V. Die Einsprechende - nachfolgend Beschwerdegegnerin - teilte mit Telefax vom 24. Januar 2000 ihr Einverständnis mit der eingeschränkten Fassung des Streitpatentes mit, trug aber gleichzeitig vor, daß eine Anpassung der Beschreibung des Streitpatentes an die Ansprüche 1 und 2 deshalb erforderlich sei, weil diese Ansprüche auf Bogenkokillen gerichtet seien, während die Beschreibung auch auf Kokillen mit gerader Achse zu lesen sei, vgl. EP-B1-0 468 607, Seite 3, Zeilen 40 bis 42.
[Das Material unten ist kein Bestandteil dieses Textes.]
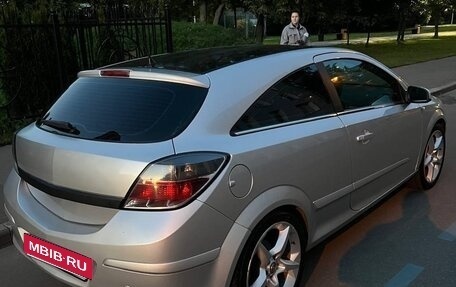 Opel Astra H, 2006 год, 600 000 рублей, 4 фотография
VI. Die Beschwerdeführerin stellte folgende Anträge:

a) Aufhebung der angefochtenen Entscheidung,

b) Aufrechterhaltung des Patentes mit den am 15. Februar 2000 eingereichten Unterlagen.

VII. Wegen der ihrer Meinung nach nicht klaren Beschreibung der Streitpatentschrift beantragte die Beschwerdegegnerin die Zurückweisung der Beschwerde.

Entscheidungsgründe

1. Die Beschwerde ist zulässig.

2. Änderungen

2.1. Die beiden unabhängigen Ansprüche 1 und 2 stellen Zusammenfassungen der erteilten Ansprüche 1 und 9 bzw. 1, 2 und 9 dar. Während Anspruch 1 auf eine Kokille zum Gießen von Brammen abgestellt ist, hat Anspruch 2 eine Rohrkokille zum Gießen von Knüppeln zum Inhalt.
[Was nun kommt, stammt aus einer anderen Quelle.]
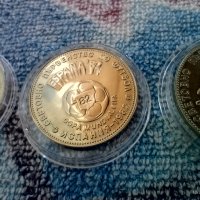 Колекционерски лот три монети 1980 година, снимка 6 - Нумизматика и бонистика - 39156834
2.2. Die geltenden Ansprüche 1 und 2 sind somit als nebengeordnete Ansprüche für das Gießen von Walzgut unterschiedlichen Formates abgefaßt, vgl. Figuren 1 und 6. der Streitpatentschrift, ohne dabei gegen die Erfordernisse des Artikels 123 (2) bzw. (3) EPÜ zu verstoßen.

2.3. Dies gilt auch für die geltenden abhängigen Ansprüche, die aus den erteilten Ansprüchen 11, 3 bis 8, 10 und 12 bis 15 hervorgehen.

3. Neuheit

Die Frage der Neuheit ist nicht strittig, vgl. Mitteilung der Kammer gemäß Artikel 11 (2) VOBK vom 9. September 1999, Absatz 5, so daß sich ins Detail gehende Erörterungen erübrigen.

4. Erfinderische Tätigkeit

4.1. Die Mitteilung der Beschwerdegegnerin gemäß Telefax vom 24. Januar 2000, vgl. Seite 1, vorletzter Absatz ("... bestehen keine Einwände seitens der ... Beschwerdegegnerin") macht ein Eingehen auf ihre zur Frage der erfinderischen Tätigkeit vorgebrachten Argumente entbehrlich.

4.2. Bei dieser Sachlage ist somit nur noch zu prüfen, ob seitens der Kammer ein Einwand gemäß Artikel 56 und 100 a) EPÜ zu erheben ist. Diese Prüfung ist laut Mitteilung der Kammer gemäß Artikel 11 (2) VOBK, vgl. wiederum Abschnitt 5., auf der Basis von (D6) und (D11) durchzuführen; sie führt zu nachfolgendem Ergebnis:

4.3. Aus der (D6) ist eine Kokille bekannt, die über Federelemente "12, 13" gegenüber einem Tragrahmen abgestützt ist. Die Federelemente können einseitig oder beidseitig abgestützt sein, vgl. Seite 2, Absätze 1 und 2. bzw. Ansprüche 2 und 3 der (D6).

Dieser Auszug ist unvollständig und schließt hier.